Bottanuco è ancora sotto shock. Oggi il piccolo comune della Bergamasca ha celebrato i funerali di Sharon Verzeni, accoltellata a Terni d'Isola nella notte tra lunedì 29 e martedì 30 luglio. La 33enne era nata e cresciuta proprio a nella piccola cittadina in provincia di Bergamo, tanto che oggi, sabato 3 agosto, a Bottanucco è giornata di lutto con negozi chiusi e bandiere a mezz'asta.
Dopo la funzione nel comune regnava un irreale silenzio, rotto soltanto dalle parole dei cittadini che, alla spicciolata, abbandonavano la chiesa dove si sono tenuti i funerali. Tra loro c’è anche il papà del compagno di Sharon, Sergio Ruocco, che ha aggiornato i cronisti sulla situazione di suo figlio: “Erano già sposati in comune. Era da tanto che chiedevo un erede, credo ci stessero pensando". Poi Ruocco entra nel dettaglio delle domande poste al figlio dalla polizia sul caso: “Non dice niente. Lo hanno interrogato e lo interrogheranno ancora. Ma reagisce bene”. Di quella notte afferma che Sergio (il figlio) "ha visto che Sharon era in ritardo, non rientrava. Poi sono arrivati i carabinieri e lo hanno buttato giù dal letto. Speriamo che prendano il responsabile" ha poi concluso.
Il punto sulle indagini
Nel frattempo gli inquirenti continuano a indagare sul delitto, cercando di individuare quali piste seguire: tra queste si inserisce l’ipotesi di uno stalker, una persona che forse si era invaghita di Sharon senza essere ricambiata. Il tipo di aggressione fa pensare a qualcuno che volesse colpire proprio lei, che conoscesse le sue abitudini tanto da sapere che dopo cena Sharon usciva per una passeggiata serale. Conosceva anche il tragitto, che prevedeva un passaggio da via Castegnate dove è avvenuta l’aggressione.

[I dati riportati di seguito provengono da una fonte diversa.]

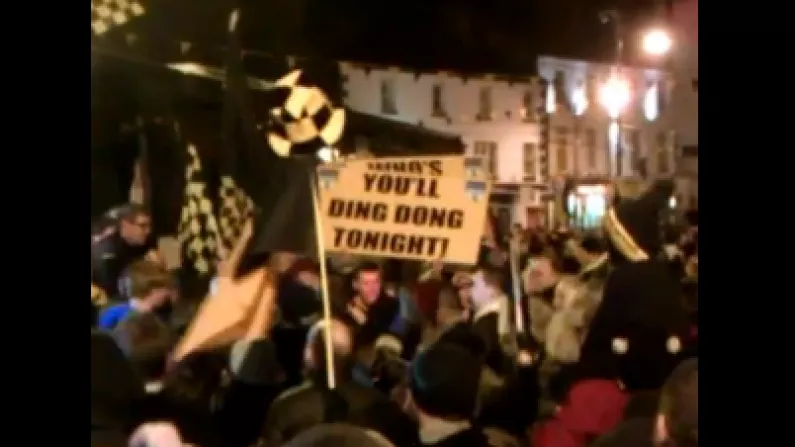 Is This Sign From The Ballinasloe Homecoming The Greatest GAA Sign Ever?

La logica farebbe supporre che la vittima sia stata colta di sorpresa, da dietro le spalle. E così si potrebbe spiegare perché dall’autopsia non sono emersi segni di difesa: non ci sono infatti tagli sulle braccia. L’assassino l’ha colpita tre volte alla schiena (due i fendenti profondi mortali), e una sola volta frontalmente. Ma questa ipotesi non ne può escludere un’altra, ovvero che la vittima potesse conoscere l’assassino e non si è difesa perché non poteva immaginare una reazione così violenta, una precisa volontà di uccidere.